The course of events in the far south of the country directly affected decisions made in the northern republics. At best mildly sympathetic to the Albanians’ plight, Ljubljana and Zagreb were far more directly concerned at the rise of Serbian authoritarianism. At the Slovene elections of April 1990, although a majority of the voters still favoured remaining in Yugoslavia they gave their backing to non-Communist opposition candidates openly critical of existing federal arrangements. The following month, in neighboring Croatia, a new nationalist party won an overwhelming majority and its leader, Franjo Tudjman, took over as President of the republic.
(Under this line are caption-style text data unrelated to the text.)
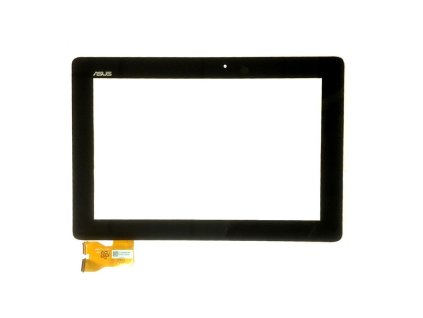 asus1356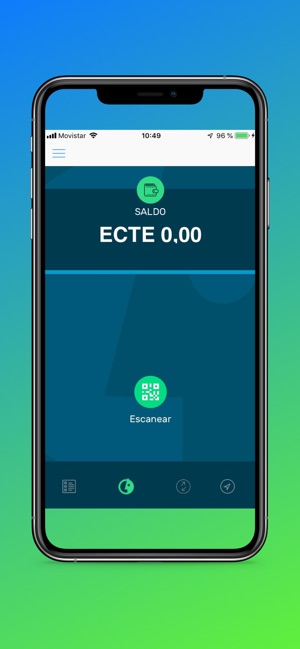 Eurocoinpay(圖1)-速報App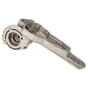Genuine Stihl Gear Housing - 4230 640 0503
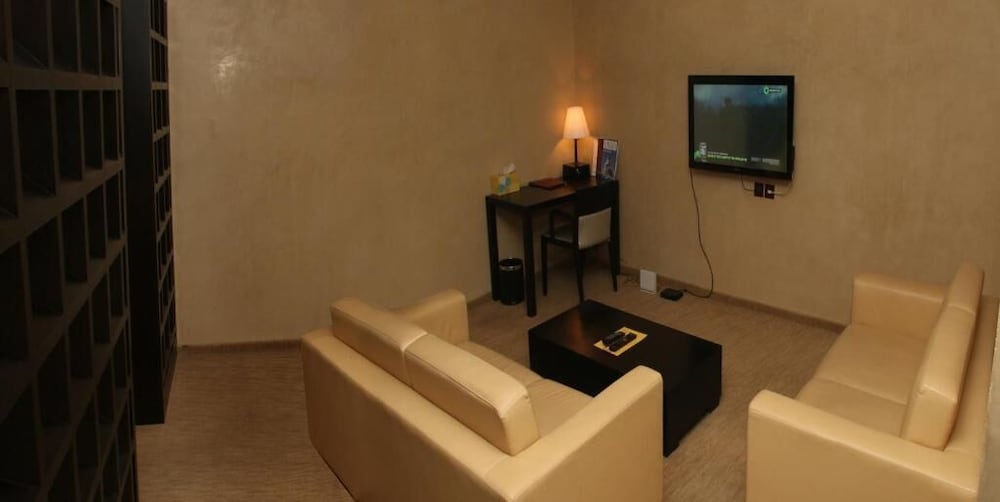 Urgoo Boutique Hotel 29/49
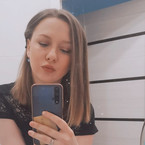 Елизавета Толокина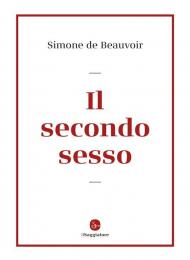 Il secondo sesso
The last straw, revealingly, came in December 1990 when—under Milosevic’s direction—the Serbian leadership in Belgrade seized without authorization 50 percent of the entire drawing rights of the Yugoslav federation to cover back pay and bonuses for federal employees and state enterprise workers. The Slovenes— whose 8 percent of the population contributed one-quarter of the federal budget—were especially incensed. The following month the Slovene Parliament announced that it was withdrawing from the federal fiscal system and proclaimed the republic’s independence, though without initiating any moves to secede. Within a month the Croat Parliament had done likewise (the Macedonian Parliament in Skopje duly followed suit).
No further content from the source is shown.